Thanks to a healthy improvement in the performance of hotel loans, monthly delinquency was lower on securitized commercial real estate loans. Loans secured by industrial properties turned in the worst performance.
Loan performance on commercial mortgage-backed securities improved in February, with the level of 30-day delinquency falling to 9.42 percent from 9.57 percent in January.
But CMBS delinquency remains higher than it was in February 2012, when the 30-day past-due rate was 9.37 percent.
The data, delivered Monday by Trepp LLC, indicated that loan resolutions fell below $1 billion from $1.2 billion in January, while newly delinquent loans were slightly lower, to $2.7 billion — leaving the rated delinquent inventory at $51.8 billion.
February’s delinquency rate got the most help from lodging loans, which saw delinquency plummet 169 basis points from January to 10.08 percent.
Also aiding the improvement were apartment loans, with multifamily delinquency declining to 13.27 percent from 13.43 percent.

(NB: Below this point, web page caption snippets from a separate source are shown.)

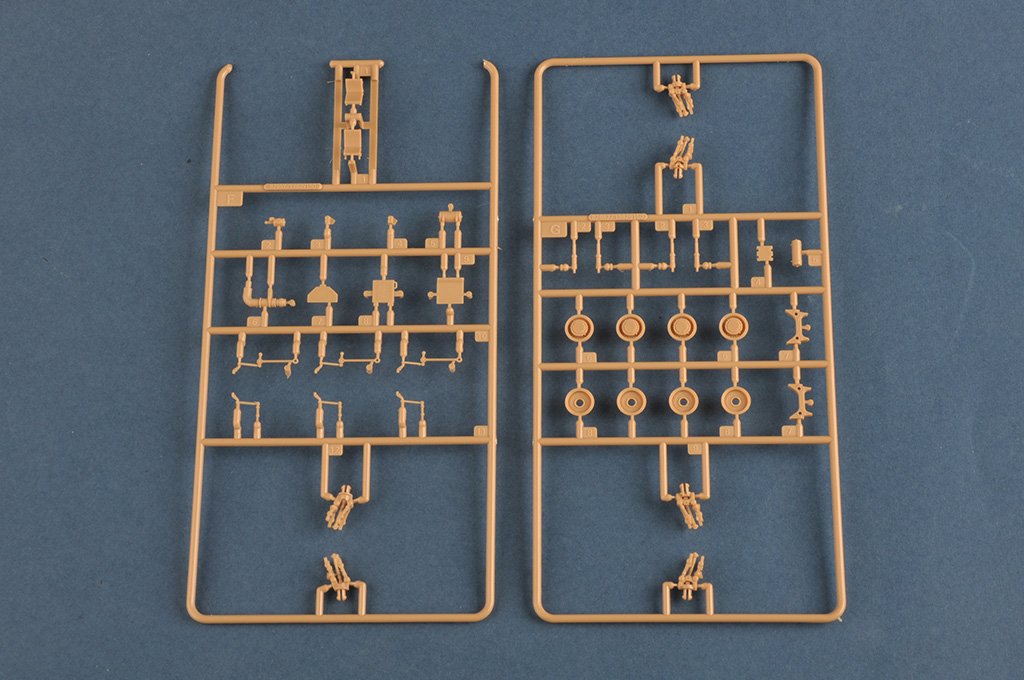 Hobby Boss 82952 15U175 TEL of RS-12M1 Topol-M ICBM complex 1/72 – Bild 14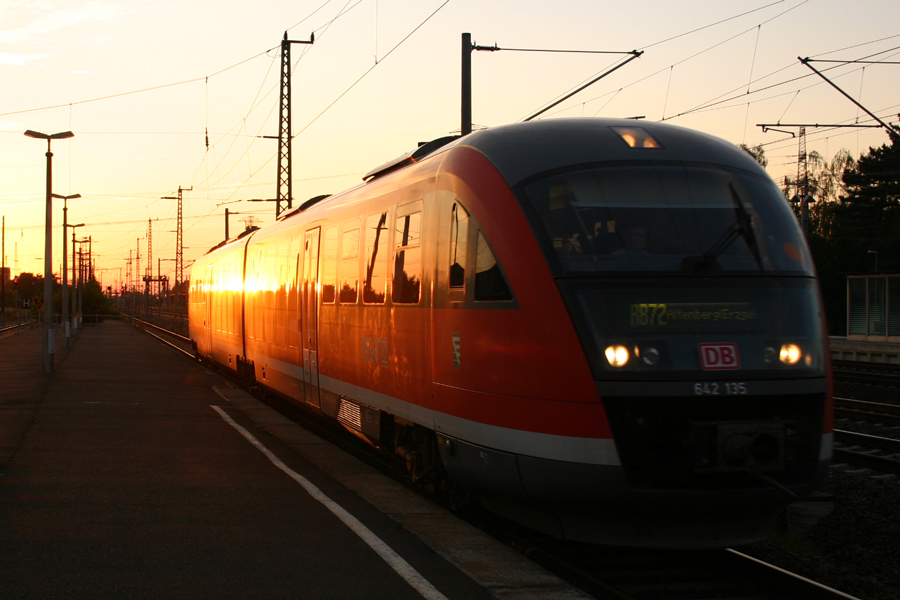 DB 642 135/635 fhrt mit den letzten Sonnenstrahlen in Heidenau ein, um als RB 72 nach Altenberg weiterzufahren. 17.06.2010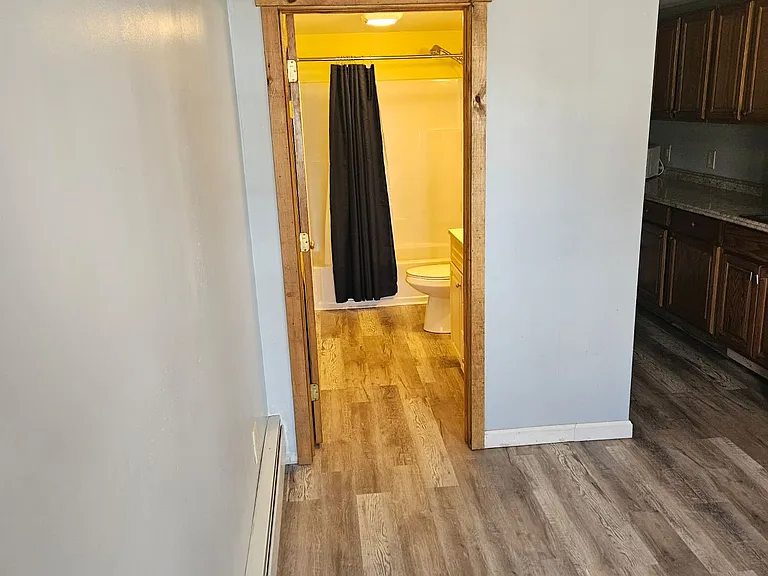 310 Park St #B — Photo 7
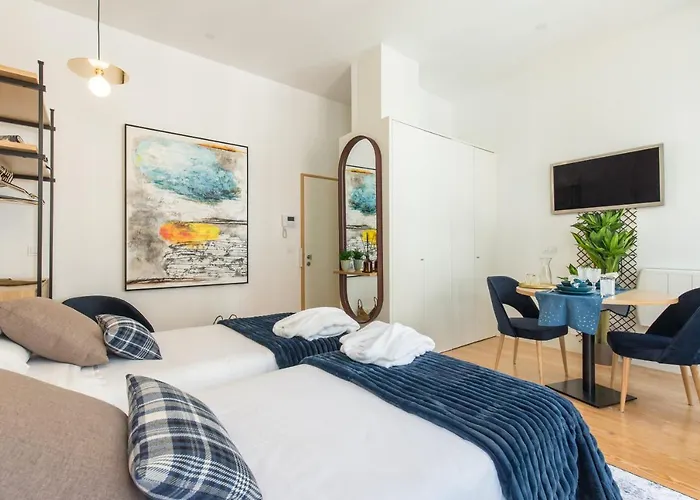 In Between Exclusive Charm By The Center * بورتو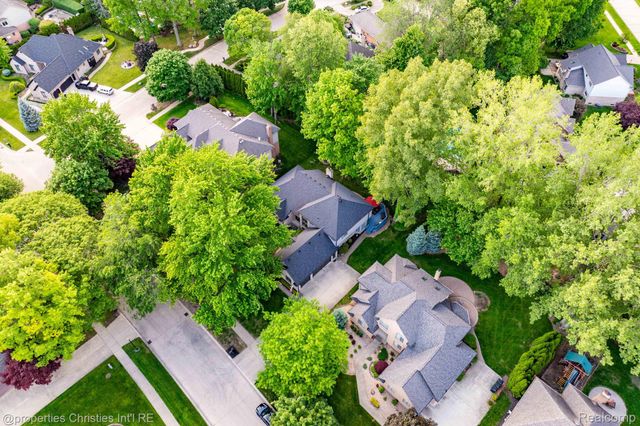 14281 Bournemuth Drive, Shelby Charter Township, MI 48315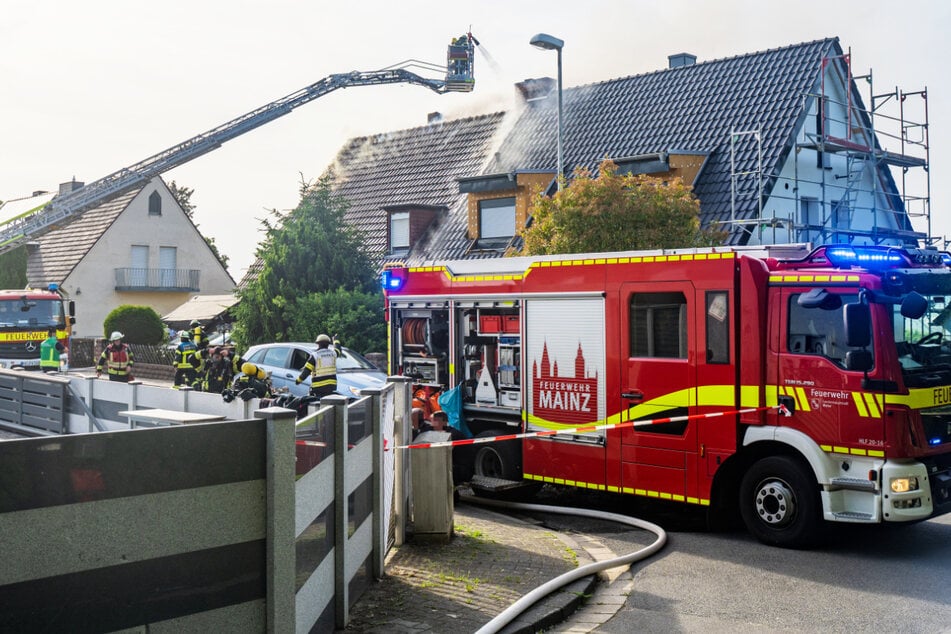 Rund 70 Einsatzkräfte rückten aus, um einen Dachbrand in Mainz-Weisenau zu bekämpfen.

No change from January was logged for retail property loans, which had a 30-day rate of 7.79 percent.
Office loans were one of two categories to deteriorate, with 30-day delinquency rising to 10.63 percent from 10.48 percent.
The other category — and the worst performer — was the industrial property loan category. The 30-day late payment rate shot up to 11.79 percent from 11.32 percent.